Cushman & Wakefield’s Michael Rotchford, executive vice president and head of corporate finance and investment banking for the firm, tells GlobeSt.com exclusively that he divides his analysis of potential sale-leaseback opportunities into two groups, nonstrategic corporate campuses and strategic ones.

“With respect to nonstrategic corporate campuses, a lot of our clients have looked at what’s the best way to exit those over a period of time, to the extent that they are going to relocate within the community or outside the community,” Rotchford says. “Those clients take a look at a number of different factors like what impact it has on the existing workforce and the future workforce. They also look at what sort of collaborative environment can be created.”

Some clients end up in a hybrid situation where they downsize space and sell off the excess, he says. “It’s really situation-specific,” he says.

Rotchford declined to discuss the Verizon property specifically, but he says mission-critical properties like operations centers or technology centers are often the last assets that companies evaluate for these kinds of transactions, and frequently don’t involve relocation of the people who work there.

“You can’t look at these decisions solely in the context of ‘What is the real estate cost to me?’” he says. “If a company has invested a significant amount of dollars in R&D space and the area has the appropriate scientific and engineering pool to pull from, it may be better to stay in place than make a pure real estate decision, where just on the real estate costs it might be cheaper to relocate to Texas.”

Verizon, while declining to make its real estate team available to discuss the transaction, says it’s just taking advantage of market conditions.

“What we’re doing here is simply taking advantage of historically low rates to extract the maximum value out of this real estate asset while still occupying it,” Raymond McConville of Verizon’s media relations team tells GlobeSt.com exclusively. “It’s a common trend in corporate real estate, and that’s because you get a much lower residual value out of a property after it has been vacated. But in summary, the market rates are good, and we’ve always leveraged our high-value real estate assets when we can get such strong value for them.”

The facility, which employs approximately 3,900 full-time employees, was acquired by Mesirow Realty Sale-Leaseback, Inc., a division of Mesirow Financial, a diversified financial services firm headquartered in Chicago.

Verizon also is quick to point out that it’s not packing its bags any time soon.

“This doesn’t change our commitment to the region and our presence in New Jersey,” McConville says. “We’ve leased back 100 percent of the property for a 20-year term, so we plan on being in the area for a long time.” The campus houses a full range of businesses within Verizon Communications and also serves as headquarters for Verizon’s wireless unit.
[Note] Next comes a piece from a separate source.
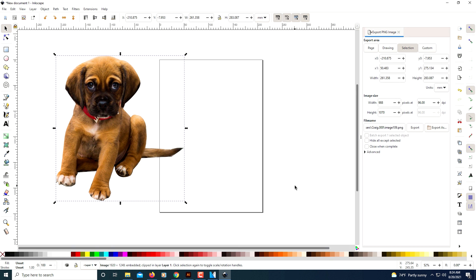Doesn't look too bad. That's how you crop an image or cut out an image using Inkscape. I did a fast job on it but it actually did a fairly decent job cutting it out. That's it, thanks for watching.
Monmouth’s Reinhart is not so sure, however. “The reported twenty year lease backed by a very high quality credit tenant seems to justify the higher value,” he says. “It will be interesting to see whether Verizon will occupy the entire space for the full lease term or at some point seek to find other tenants for part or all of the space.”

Led by Rotchford, the Cushman & Wakefield investment banking team included David Wenk, Robert Elms and Mark Todrys. They worked in conjunction with both Kuriloff and with David Bernhaut, vice chairman of the Cushman & Wakefield capital markets group in New Jersey.

After acquiring the property in 2005, Verizon made a significant investment undertaking an extensive upgrade to create a world-class headquarters.The building earned LEED Silver certification from the US Green Building Council in December 2009.